On Friday, we once again received alarming news of the latest victims of white supremacist rage in a seemingly unexpected place. Army veteran Ricky Best and recent Reed College alumni, Taliesin Myrddin Namkai Meche were stabbed to death in Portland, Oregon because they interceded to stop Jeremy Christian’s racist harangue of two Muslim women on a rush hour commuter train. A third Good Samaritan, Micah David-Cole Fletcher, was also stabbed, but narrowly survived.

People were incredulous that an incident like this could happen in Portland, conveniently forgetting Oregon’s entry into the Union in 1859 as a whites only state. They fail to remember that Oregon had the highest per capita Klan membership of any state in the country and that it refused to ratify the 14th Amendment until 1973. They forget that Portland’s existence as a hipster heaven was made possible by housing policies that depressed property values in the Black community so that houses could be scooped up and renovated by the creative class.

Although Americans engage in a constant cycle of amnesia and evasion, Oregon is no outlier. We pretend that residential housing patterns and wealth disparities are due to mystical forces, rather than the predictable result of decades of explicitly racist policies that prohibited investment in property or wealth accumulation by Black people. The borders of those segregated communities were enforced by violence and if Black people managed to create communities in spite of these formidable obstacles, “urban renewal” policies engineered by the likes of Robert Moses directed development projects through the middle of Black communities, destroying them in the process.

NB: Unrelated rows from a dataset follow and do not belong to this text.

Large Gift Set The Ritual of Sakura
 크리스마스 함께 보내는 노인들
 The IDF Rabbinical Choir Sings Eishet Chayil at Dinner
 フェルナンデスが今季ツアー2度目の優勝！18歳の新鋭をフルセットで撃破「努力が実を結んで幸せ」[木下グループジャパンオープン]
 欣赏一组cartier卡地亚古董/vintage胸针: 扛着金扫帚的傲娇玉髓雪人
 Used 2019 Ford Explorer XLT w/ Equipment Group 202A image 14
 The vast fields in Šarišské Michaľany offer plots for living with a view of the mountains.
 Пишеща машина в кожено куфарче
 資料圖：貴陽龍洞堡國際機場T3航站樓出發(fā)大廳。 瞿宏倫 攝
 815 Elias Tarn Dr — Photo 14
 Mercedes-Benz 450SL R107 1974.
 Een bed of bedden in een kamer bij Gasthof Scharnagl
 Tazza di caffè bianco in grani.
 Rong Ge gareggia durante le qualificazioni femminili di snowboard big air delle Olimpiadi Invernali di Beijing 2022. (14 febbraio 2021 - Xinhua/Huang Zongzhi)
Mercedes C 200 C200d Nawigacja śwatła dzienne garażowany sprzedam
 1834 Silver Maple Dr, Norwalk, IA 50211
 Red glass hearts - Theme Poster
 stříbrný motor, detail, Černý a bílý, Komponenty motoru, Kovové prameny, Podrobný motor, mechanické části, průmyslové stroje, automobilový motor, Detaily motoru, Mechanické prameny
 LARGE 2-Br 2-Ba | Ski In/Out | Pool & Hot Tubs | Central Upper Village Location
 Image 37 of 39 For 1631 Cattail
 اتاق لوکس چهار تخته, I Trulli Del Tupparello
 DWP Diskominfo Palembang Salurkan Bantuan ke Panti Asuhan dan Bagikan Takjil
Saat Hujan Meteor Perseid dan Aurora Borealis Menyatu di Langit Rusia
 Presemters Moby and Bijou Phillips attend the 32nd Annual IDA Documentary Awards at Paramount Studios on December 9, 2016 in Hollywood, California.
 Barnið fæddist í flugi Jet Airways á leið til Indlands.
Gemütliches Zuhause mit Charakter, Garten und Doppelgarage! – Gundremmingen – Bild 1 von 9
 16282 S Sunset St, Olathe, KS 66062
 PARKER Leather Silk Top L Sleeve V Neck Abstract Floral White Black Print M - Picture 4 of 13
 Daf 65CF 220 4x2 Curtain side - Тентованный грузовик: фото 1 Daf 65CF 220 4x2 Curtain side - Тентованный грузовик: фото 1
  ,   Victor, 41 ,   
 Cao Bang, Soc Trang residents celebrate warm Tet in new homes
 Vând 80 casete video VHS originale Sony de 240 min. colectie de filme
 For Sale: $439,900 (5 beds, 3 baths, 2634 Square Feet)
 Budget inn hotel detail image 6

We avoid stark words like “racist” and terrorist, privileging polite discourse over Black lives, evading the inconvenient fact that, over the course of this country’s history, African Americans (and their allies) have been its most frequent victims of terrorism.   It is no surprise that the election of a man who waged a campaign based on contempt for people of color and immigrants has emboldened explicit and violent white supremacy. It is also no surprise that Trump would stock his administration with hard right racists, like Jeff Sessions, who is eagerly reverse engineering criminal justice policy to impose the maximum pain on Black and Brown Americans. Lastly, it is far from a surprise that an administration so dedicated to white supremacy domestically would turn its back on the liberal democracies of the NATO alliance and find common cause with an autocratic white nationalist like Putin.

The question to ask ourselves on this Memorial Day, as we ponder the deaths of Army veteran, Ricky Best and newly minted Lt. Richard Collins III at the hands of white supremacists is, “What will we choose to remember?”